The Huskies opened Friday night with Redmond (see page 12) and they’re not backing down over the next two weeks, with games against Banks and North Valley, both at home. Nichol said he expects both teams to finish high in their conferences.

A similarly tough schedule last year, with those pre-season games on the road, set the Huskies up for the playoffs because 5A Division Redmond, despite beating Sweet Home 35-0, finished its regular schedule undefeated and both North Valley and Banks also did well.

“With the (OSAA) power rankings, you don’t want to have a soft preseason schedule,” Nichol said. “That game against Redmond moved us up to No. 4 in the power rankings instead of No. 5 or 6. That helped us get home field advantage throughout the playoffs as long as we won.”

Also on the schedule is Central, regularly a power in the area and a team Nichol said he’s eager to keep playing for as long as possible.

“Shane Hedrick has a good program up there. It’s a good test for us because they’re consistently a good program, with spikes of greatness. It’s always been a good rivalry, since the 1980s. Over 30 years – that’s a good rivalry.”

Nichol said he expects the Sky-Em competition to be “tough.” He said if he had to vote for another team as No. 1, it would be Cottage Grove or Elmira.

The Lions are led by 6-3, 195-pound senior quarterback Scotty Hitner, considered by many to be one of the top five signal-callers in Oregon this year, after throwing for 3,425 yards and scoring 50 all-purpose TD’s, making him the state’s leading passer in total yards last season. Hitner is getting serious attention from college recruiters and was one of the invitees at the Northwest College Showcase at Interlake High School in Bellevue, Wash. in July.

“Anybody who throws for 3,000 yards and 32 touchdowns has to have some impact,” Nichol said.

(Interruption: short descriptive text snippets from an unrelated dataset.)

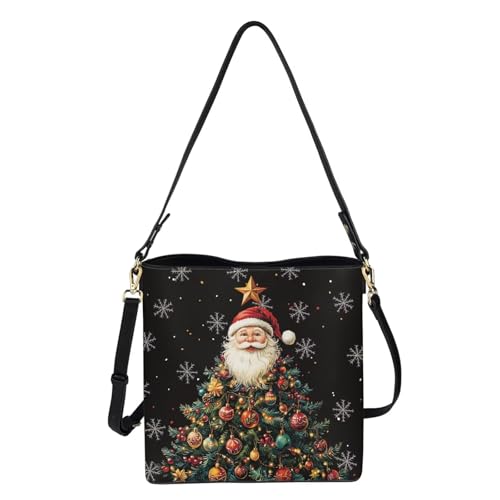 Image of HUGS IDEA Hoho Bag for Women Crossbody Purse Leather Handbags Laides Shoulder Bags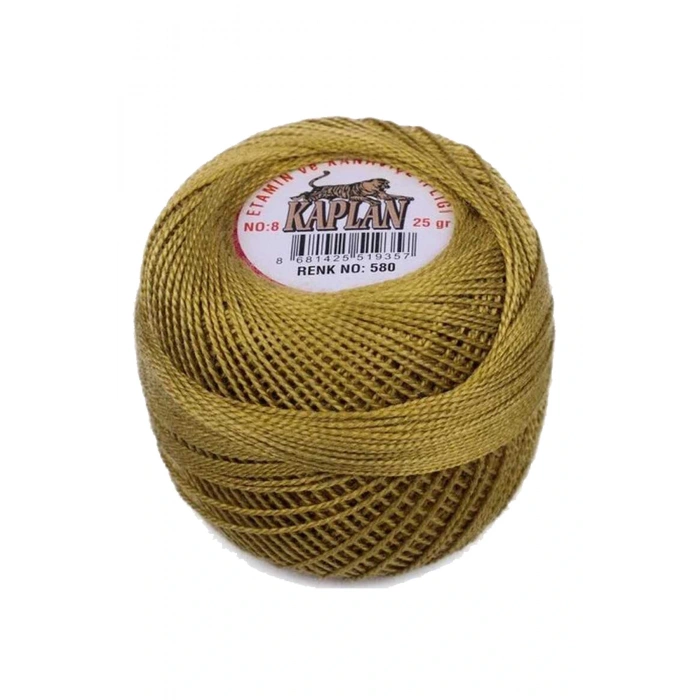 LitaeTrend 3 Adet Kaplan Etamin Ve Kanaviçe İpi 8 No Kod/Renk: 1016 - 319 - 580 - Ryl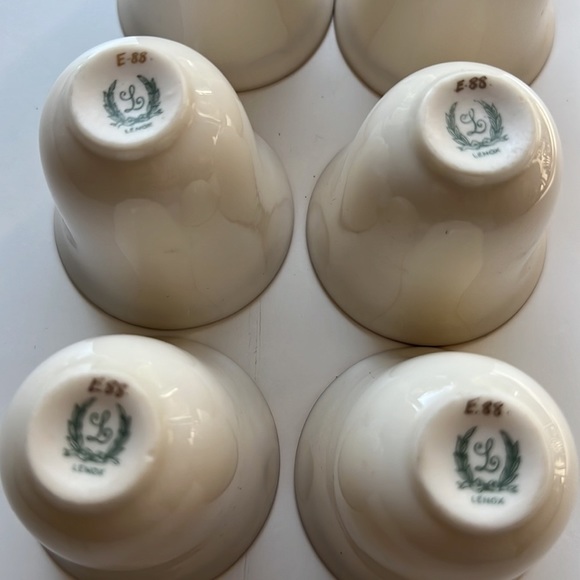 Lenox #88 Bell Shape Demitasse Liners- Set of 10. Cream with Gold Trim - Picture 7 of 12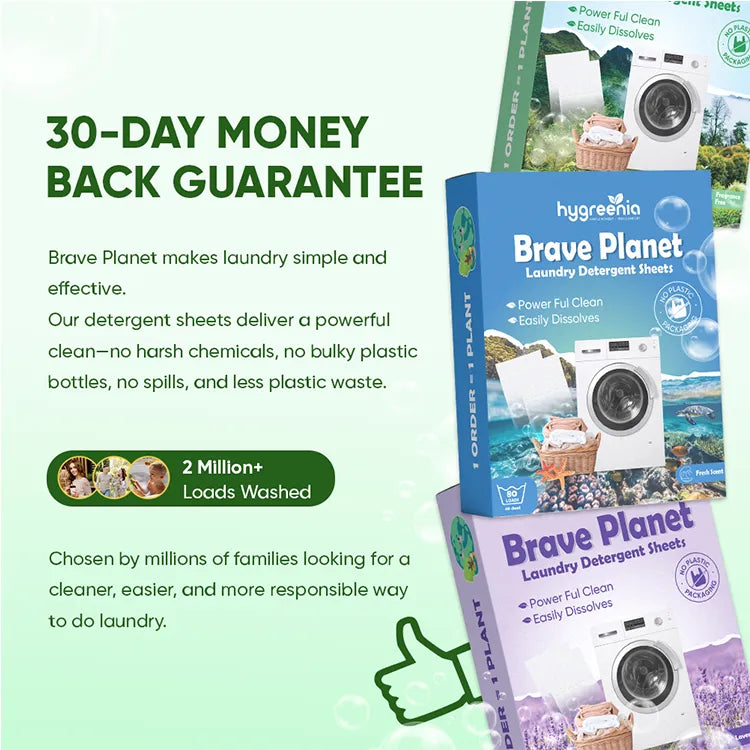 Laundry Detergent Sheets (Up to 80 loads)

Elmira has Bo Highburger, a second-team all-state linebacker last year, and the fourth-place finisher, behind Knight (by four-hundredths of a second), in the district 100-meter final last spring. Highburger is expected to be a top running back for the Falcons.

“He’s a Division I prospect,” Nichol said. “If they put a line together that he can run behind, they’ll be good.”

Sisters, La Pine and Junction City all have new coaches and new systems, he said, so he can’t tell exactly what to expect from those teams.

That means Sweet Home has its work cut out for it.

“We are trying to work the bugs out of the new stuff that we’re going to be doing,” Nichol said. “We were getting pretty predictable and we’re trying to break that.

“I think the challenge for our players is they don’t know exactly what they’ve got. They know they’ve done quite well in practice and at camp, so how’s that going to transfer to league? When they develop confidence, they’re going to do a good job.”